As we got closer, we could see Huangshan in the distance. It looked like any other mountain. It was big, but not spectacular. Just another mountain. That was what people had thought for centuries. They had no idea what was on top. In fact, until the last century, Huangshan wasn’t known outside of the art schools centered there and a few rare travelers who hiked to the summit. But not long after the Nationalists established their capital in Nanking in 1927, they built a road halfway up the mountain, and word soon spread.
I should also note that it wasn’t always called Huangshan. It used to be called Yishan, yi being another word for “black.” I’m not sure why. It didn’t look black. Gray, yes, but not black. In any case, when Emperor Hsuan-tsung passed by the mountain in the eighth century, he decided to change the name to Huangshan, or Yellow Mountain,
in honor of Huang-ti, the Yellow Emperor, who reportedly completed his course of Taoist training there. Hsuan-tsung, too, had no idea what was on top. But we did. We had seen photos—and paintings.
Finally, ninety minutes after leaving Tunhsi, we arrived at the foot of the mountain at a place called Tangkou. After dropping our gear at a cheap hotel near the bus station, we took a shuttle bus halfway up the mountain to Yunku Temple. The temple was long gone but not the name. It sounded nice: Cloud Valley Temple. It was just past eight o’clock in the morning when we arrived, but there must have been close to five hundred people already in line. They were all waiting for the cable car.
People who visit Huangshan have their choice: the cable car or the trail, and both begin at the former site of Yunku Temple. The trail is 7.5 kilometers and takes three hours to walk. The cable car takes ten minutes. The wait, though, can last hours. In our case, it lasted two hours, which was still better—we thought—than hiking to the top. At least we wouldn’t be exhausted when we got there.
Huangshan peak in a sea of clouds
Finally, our turn came, and up we went. Even if the cable car was a bit crowded, it was a glorious ascent.
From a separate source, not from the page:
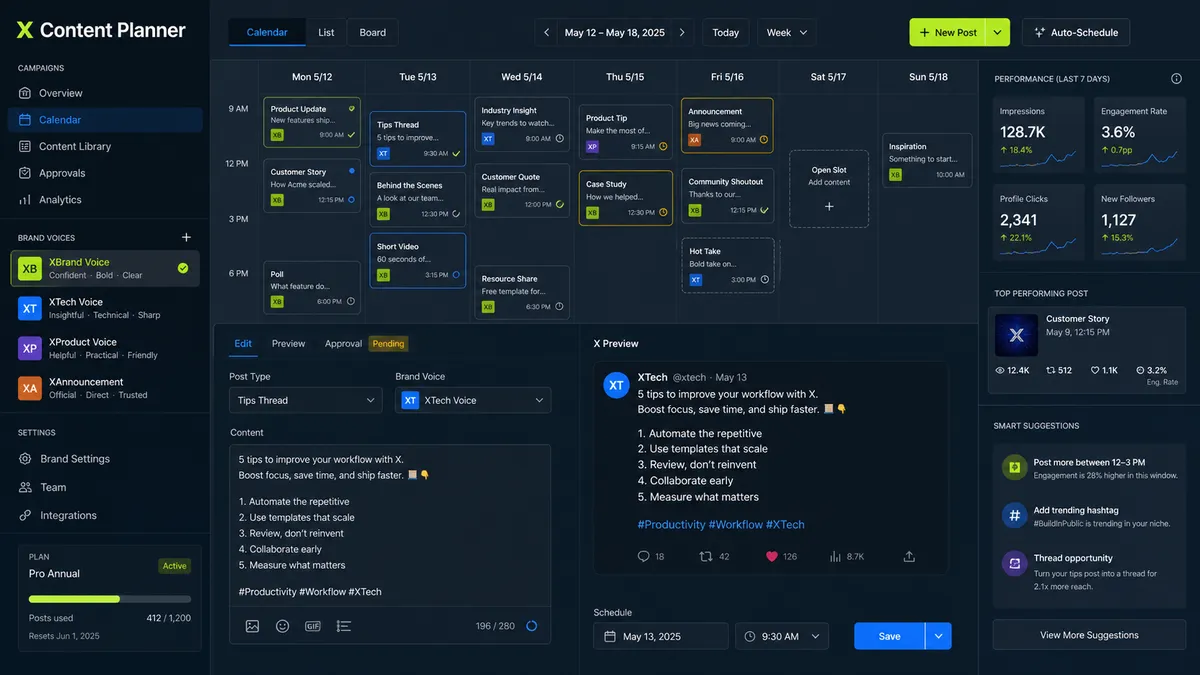 X Content Planner application overview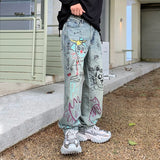 Ceekoo  -  baggy jeans Streetwear High-end personalized graffiti jeans men American high street tide loose straight wide-legged casual pants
Ten minutes later, we were standing just below the northeast corner of the summit. One of the first things we noticed when we got out of the cable car was a sign saying that smoking was only allowed in designated areas and discarding trash was prohibited. This was good news. When Steve and I first visited the mountain several years earlier, the place was littered with trash. This time, we had to look hard to find anything, even a cigarette butt. If any mountain deserved this sort of respect, it was Huangshan.
Everyone who has ever been there agrees: it’s the most spectacular mountain in China. But standing there awestruck was not the way to enjoy the mountain, a mountain that’s an infinitely long scroll with a thousand views. From the cable car terminal, we followed the main trail of stone steps for about ten minutes, then we turned onto a side trail that led to a place called Shihhsinfeng, or Finally Believing Peak. The view is one of the most photographed and painted scenes on Huangshan. Huangshan is famous for two things: its rock spires, barren of everything except a few gnarled pines, and its sea of clouds that often obscure the rock spires and gnarled pines, leaving only a single protruding pinnacle or branch. Shihhsinfeng is famous for both, and both were waiting for us.